Step 4:  Divide the menu price by the food cost to determine the percentage of the price that comes from food to begin determining if you have priced the meal correctly. For example, if you sell a meal for $18 and your food costs for that meal are $6, your food cost is 33 percent.
 
Step 5:  Calculate your overhead cost per meal served. This includes all of the nonfood costs to run your restaurant, such as labor, rent, marketing, taxes and other expenses. Determine a daily overhead cost to run the restaurant and divide that by the number of customers you estimate you will serve each day. For example, if your overhead is $2,000 per day and you serve 250 customers daily, your overhead cost per person is $8. Include allowances for employee meals and food theft in the overhead figure, since these are not direct costs to serve a customer meal.
 
Step 6:  Determine the target food-cost percentage you want for your menu items. Use your overhead costs to guide you. For example, if you sell a meal for $12 and have an $8 overhead cost, your food costs must be no more than $4 to break even. If you want a profit of $2 per plate, your sales price would then need to be $14, giving you a food-cost percentage of about 29 percent. If you feel your market will not support meals that cost more than $14, your chef will need to prepare menu items for no more than $4 each. If you sell meals for less than $14, your chef will need to use less than $4 of ingredients per meal, using your 29 percent guide.
 
Step 7:  Examine your current menu prices to determine whether they cover your overhead and foods costs, and return a profit. Use your target food-cost percentage to do this. For example, if you determine that your food costs can be no more than 20 percent and a particular meal uses $4 of ingredients, you must sell that meal for at least $20.
 
Step 8:  Determine whether you need to calculate different food cost percentages for different services or items. For example, a low-cost breakfast menu might require food costs to be less than 20 percent of the ticket since profit margins are small.

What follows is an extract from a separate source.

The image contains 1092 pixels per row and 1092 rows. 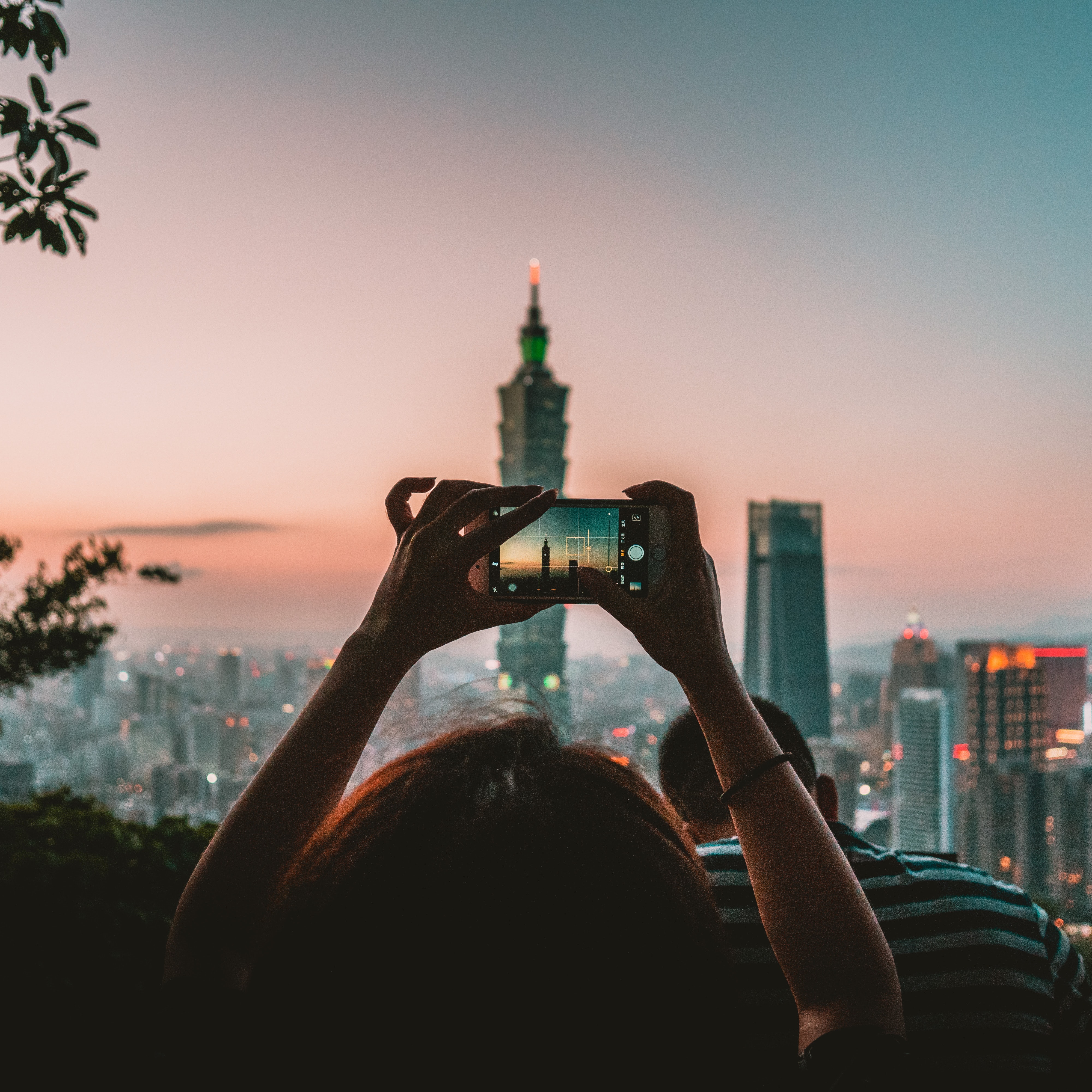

A more expensive dinner menu might support foods costs as high as 35 percent per plate.
 
Step 9:  Analyze your sales by item to see if your food-cost percentages can support your business. If you determine that you are selling mainly low-cost items, you may need to raise those prices -- or lower your food costs -- to be profitable. Look at total food costs per service and divide by total sales to get a more complete picture of your food costs without having to calculate the actual cost of each menu item.